Die aktive vermittlerische Betreuung wird durch die Regelung nicht beeinflusst. Grundlage für die Vermittlung in zumutbare Arbeit ist der Kooperationsplan. Basis für den Kooperationsplan bilden wiederum die gemeinsam mit dem Bürgergeld-Beziehenden formulierten Ziele. Im Kooperationsplan soll unter anderem festgehalten werden, in welche Ausbildung, Tätigkeiten oder Tätigkeitsbereiche die erwerbsfähige leistungsberechtigte Person vermittelt werden soll. Der Kooperationsplan dient damit als „roter Faden“ im Eingliederungsprozess.
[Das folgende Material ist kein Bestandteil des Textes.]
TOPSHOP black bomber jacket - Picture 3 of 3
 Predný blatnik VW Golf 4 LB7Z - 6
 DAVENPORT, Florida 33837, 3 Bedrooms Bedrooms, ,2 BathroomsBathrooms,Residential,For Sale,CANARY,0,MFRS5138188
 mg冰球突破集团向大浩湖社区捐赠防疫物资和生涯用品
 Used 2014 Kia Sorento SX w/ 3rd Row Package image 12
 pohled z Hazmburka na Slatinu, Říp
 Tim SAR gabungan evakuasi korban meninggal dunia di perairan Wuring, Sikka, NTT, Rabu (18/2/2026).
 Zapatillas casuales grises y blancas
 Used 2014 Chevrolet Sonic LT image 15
Auch der Kern des Bürgergeld-Gesetzes, auf Basis einer vertrauensvollen Zusammenarbeit durch Qualifizierung und gute Beratung nachhaltige Integrationen zu schaffen, bleibt uneingeschränkt erhalten. Mit dem Bürgergeld-Gesetz wurde u. a. der Vermittlungsvorrang abgeschafft und der Leitgedanke „Qualifizierung vor Arbeit für Geringqualifizierte“ etabliert, um Drehtüreffekte zu vermeiden. Von der Regelung zum Entzug des Regelbedarfes bei Arbeitsverweigerung sind lediglich Personen betroffen, die sich willentlich und grundlos weigern, eine konkrete und zumutbare Arbeit anzunehmen oder aufzunehmen. Insofern handelt es sich um Personen, bei denen die unmittelbare Vermittlung in Arbeit im Fokus steht und keine vorrangige Qualifizierung notwendig und vorgesehen ist.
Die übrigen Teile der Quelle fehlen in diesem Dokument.